**DIRECTIONS**
The full listing should be written out verbatim, and its images should be dropped.

**DATA SEGMENT**
◆ ◆ ◆ ◆ ◆
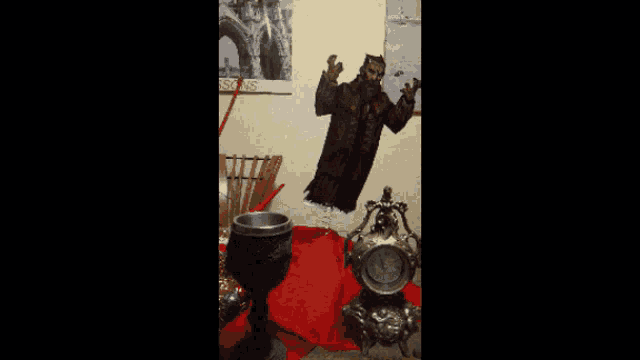 a clock and a goblet are on a table in front of a painting of a man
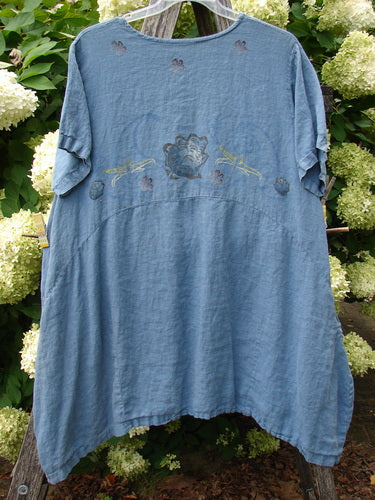 1997 Urchin Dress Floral Starfish Naya Size 1 in faded blue fabric, a loose short-sleeve dress with a round neckline, soft drape, and stitched floral starfish motifs across the chest. It hangs centered against leafy hydrangeas, with natural daylight emphasizing its worn texture.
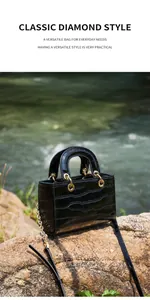 Gros plan détaillé du cuir noir embossé crocodile et de la chaîne dorée du sac à main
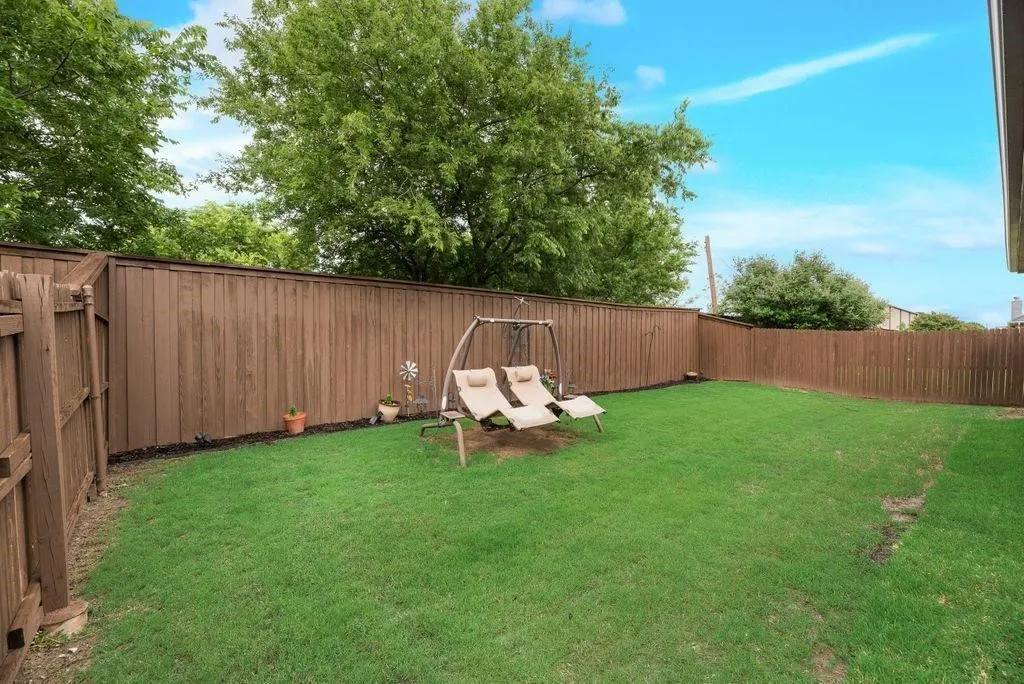 View of fenced backyard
◆ ◆ ◆ ◆ ◆
**COMPLETED EXERCISE**
 a clock and a goblet are on a table in front of a painting of a man
 1997 Urchin Dress Floral Starfish Naya Size 1 in faded blue fabric, a loose short-sleeve dress with a round neckline, soft drape, and stitched floral starfish motifs across the chest. It hangs centered against leafy hydrangeas, with natural daylight emphasizing its worn texture.
 Gros plan détaillé du cuir noir embossé crocodile et de la chaîne dorée du sac à main
 View of fenced backyard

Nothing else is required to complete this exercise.